A 1031 Exchange (Tax-Deferred Exchange) Is One Of The Most Important Tax Deferral Strategies Remaining Available For Taxpayers. Section 1031 of the Internal Revenue Code is the basis for tax-deferred exchanges. Taxpayers will avoid or minimize  income taxes on the sale of property if they reinvest the proceeds in similar or like-kind property.

The 1031 Exchange Advantage permits a taxpayer to sell income, investment or business property and replace the same with like-kind Replacement Property but without having to pay federal or state income taxes on the transaction. A sale of property and subsequent purchase of a Replacement Property does not work; there must be an Exchange. The legal documents and the form of the transaction will determine if there is a 1031 exchange. The party’s intent is only one aspect. The sale and purchase escrows must be related in some aspect.

The Disadvantages of a Section 1031 Exchange include a reduced basis for depreciation deductions on the Replacement Property. The tax basis of Replacement Property will be the purchase price of the Replacement Property minus the gain which was deferred on the sale of the Relinquished Property as a result of the exchange. As a result, the Replacement Property includes a deferred gain that will be taxed in the future if the taxpayer cashes out of their investment.
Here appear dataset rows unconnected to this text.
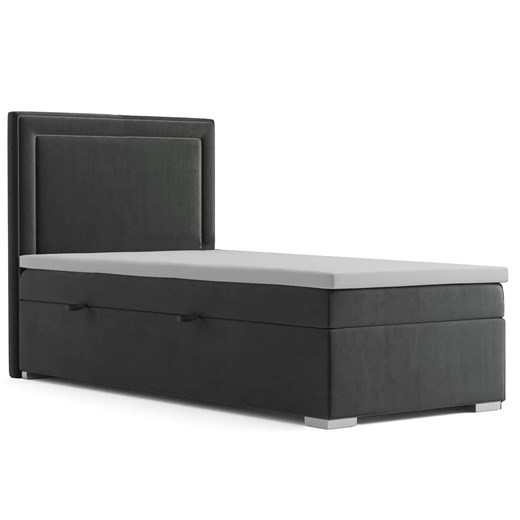 Pojedyncze łóżko boxspring 90x200 32 kolory G1-K17 ze sklepu Edinos.pl w kategorii Łóżka i materace - zdjęcie 172261518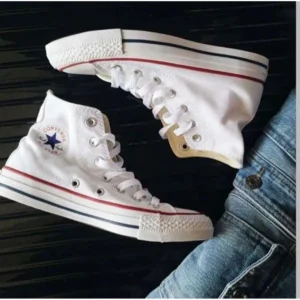 Premium Converse All Star Long White Shoes For Men (FST1106)
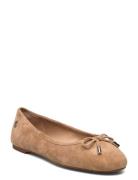 Jayna Suede Flat Ballerinasko Ballerinaer Beige Lauren Ralph Lauren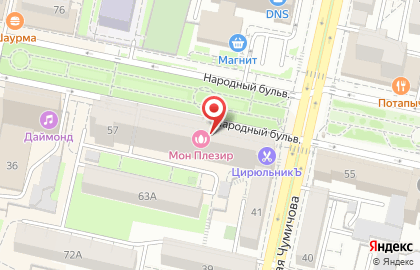 Салон-магазин Мир окон на Народном бульваре на карте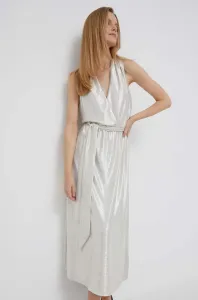 Šaty Lauren Ralph Lauren béžová barva, maxi #5409918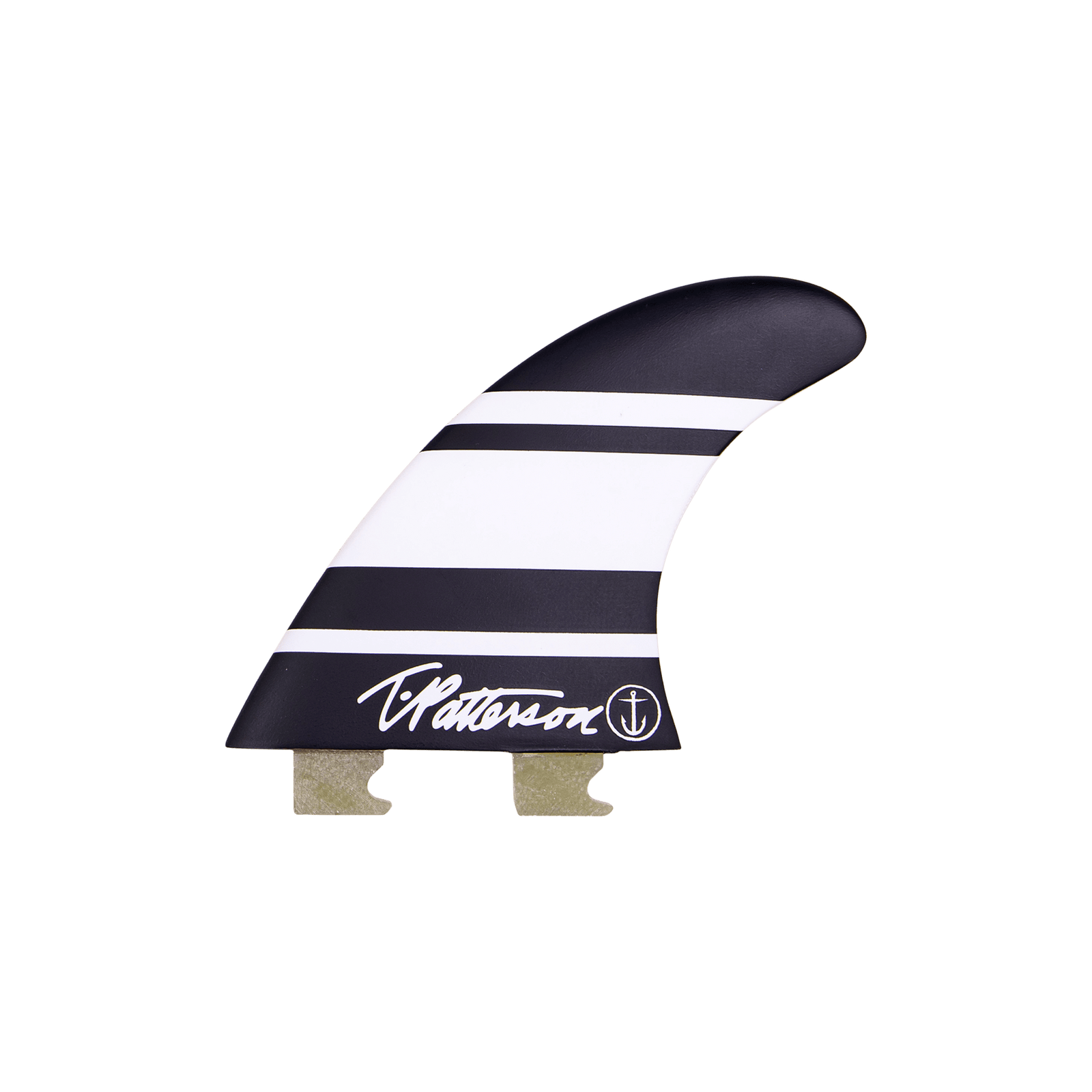 Timmy Patterson - Black/White - Snap In - Captain Fin Co.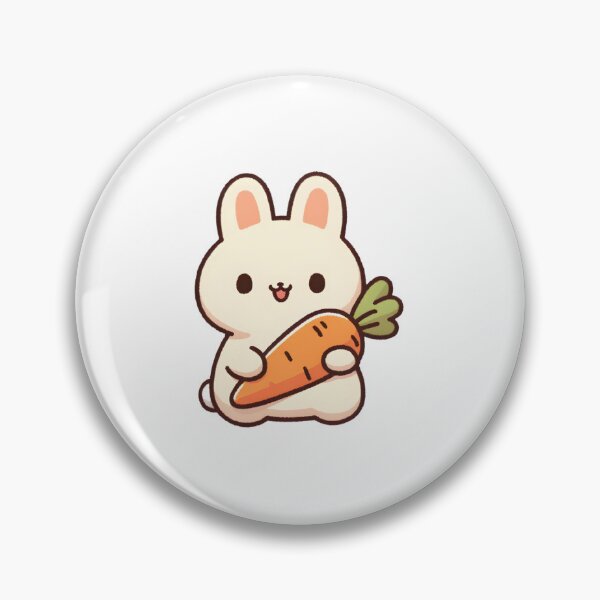 Artikelvorschau, Cute Bunny Holding a Carrot entworfen und verkauft von UmbrellaStudio1.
Exchange Techniques. There is more than one way to structure a tax-deferred exchange under Section 1031 of the Internal Revenue Code. However, the 1991 “safe harbor” Regulations established procedures which include the use of an Intermediary, direct deeding, the use of qualified escrow accounts for temporary holding of “exchange funds” and other procedures which have Congressional and IRS approval. Therefore, the exchange needs to be structured to comply with IRS regulations. As a result, exchanges commonly use the services of a facilitator known as a Qualified Intermediary.

Exchanges can also occur without the services of an Intermediary when parties to an exchange are willing to exchange deeds or if they are willing to enter into an Exchange Agreement with each other. However, two-party exchanges are uncommon since, in the typical Section 1031 transaction, the seller of the Replacement Property is not the buyer of the taxpayer’s Relinquished Property.